Baru sekitar 20 persen penduduk Indonesia memperoleh jaminan sosial secara
memadai. Sebab itu, Dewan Jaminan Sosial Nasional (DJSN) terus mendorong
peningkatan kepesertaan jaminan sosial bagi seluruh penduduk.
Momen disahkannya Undang-Undang Nomor 24
Tahun 2011 tentang Badan Penyelenggara Jaminan Sosial (UU BPJS) pada 28 Oktober
2011 lalu telah memantik rasa ingin tahu bagi pihak Jepang ihwal penerapan
jaminan sosial di Indonesia. Hal ini diwujudkan dengan kunjungan Tim JICA (Japan International Cooperation Agency)
untuk ketiga kalinya ke kantor Dewan Jaminan Sosial Nasional (DJSN) di Jakartal.
Dalam kunjungan itu Tim JICA melakukan pengumpulan data survai penyelenggaraan jaminan sosial di Indonesia. Tim
JICA terdiri dari Mr. Kenzi Shimazaki (Profesor dari National Graduate
Institute), Mr. Shintaro Nakamura (penasehat senior pada jaminan sosial JICA),
Mr. Tanaka, dan perwakilan JICA Office Jakarta. Mereka
diterima oleh anggota DJSN Prof.
Dr. Bambang Purwoko, Drs. Haris E.
Santoso, dan Drs. Timoer Soetanto. Dalam kesempatan ini, mewakili Ketua DJSN yang berhalangan, Prof.
Bambang Purwoko, menyampaikan paparan implementasi UU BPJS yang merupakan salah
satu rangkaian reformasi jaminan sosial di Indonesia.

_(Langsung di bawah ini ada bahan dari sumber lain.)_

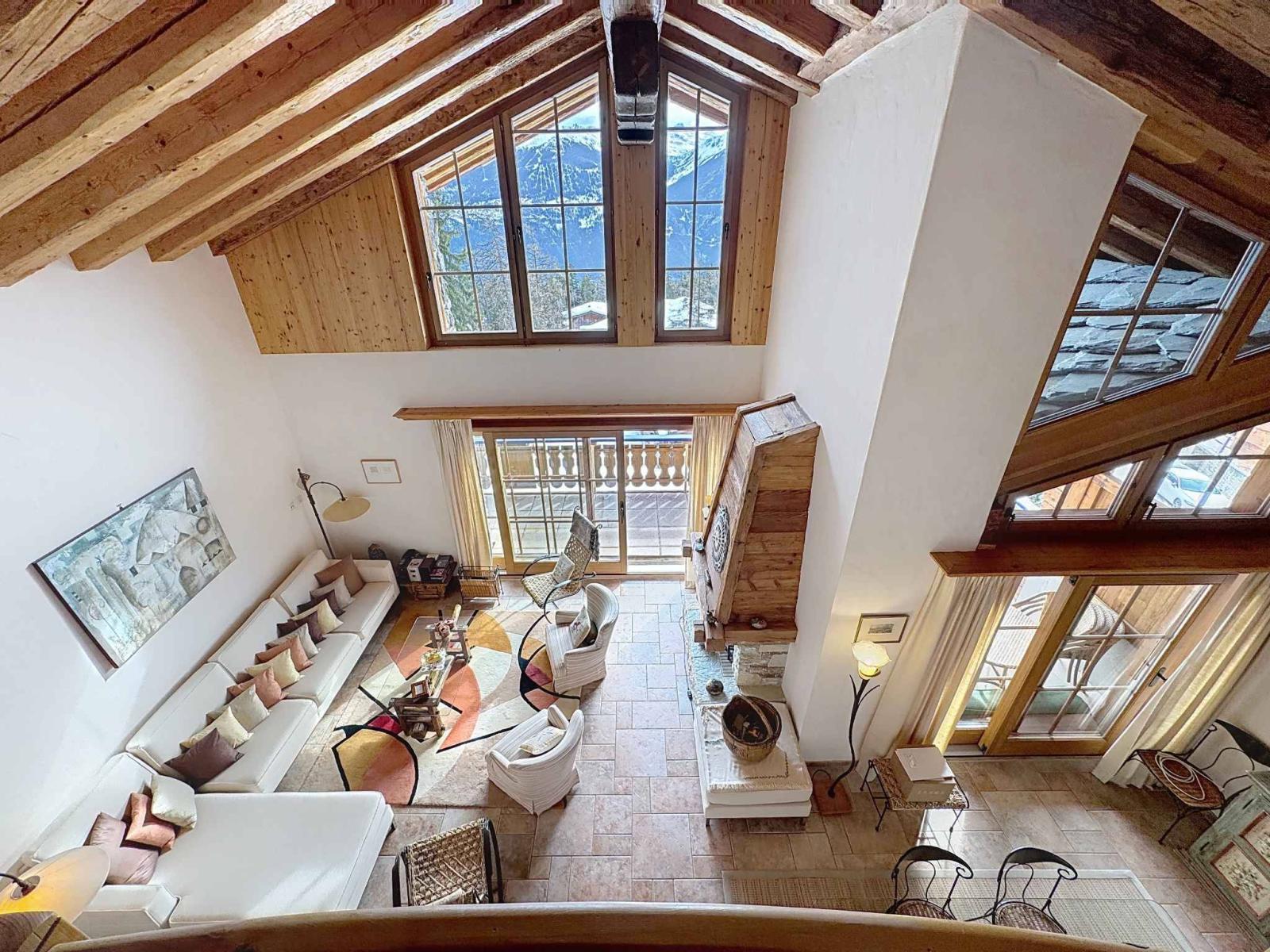 MAGNIFIQUE DUPLEX/ATTIQUE DE 6.5 PIÈCES AU CENTRE AVEC TRÈS BELLE VUE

Terkait dengan paparan tersebut, Mr. Nakamura
tertarik ingin mengetahui
sejauh mana persiapan Indonesia dalam mewujudkan jaminan sosial dan apa fungsi DJSN dalam peranannya sebagai perumus
kebijakan umum dan sinkronisasi penyelenggaraan sistem jaminan sosial di
Indonesia.
Menanggapi keingin-tahuan Mr. Nakamura,
Prof. Bambang Purwoko menjelaskan bahwa DJSN berfungsi merumuskan kebijakan
umum dan sinkronisasi peyelenggaraan Sistem Jaminan Sosial Nasional (SJSN). Misalkan
kebijakan makro tentang kepesertaan, iuran, manfaat, dan masing-masing program
jaminan sosial. Kebijakan makro tersebut, katanya lebih lanjut, dijadikan
pedoman oleh BPJS dalam menyusun kebijakan operasional dan sekaligus buat
parameter untuk mengevaluasi penyelenggaraan SJSN.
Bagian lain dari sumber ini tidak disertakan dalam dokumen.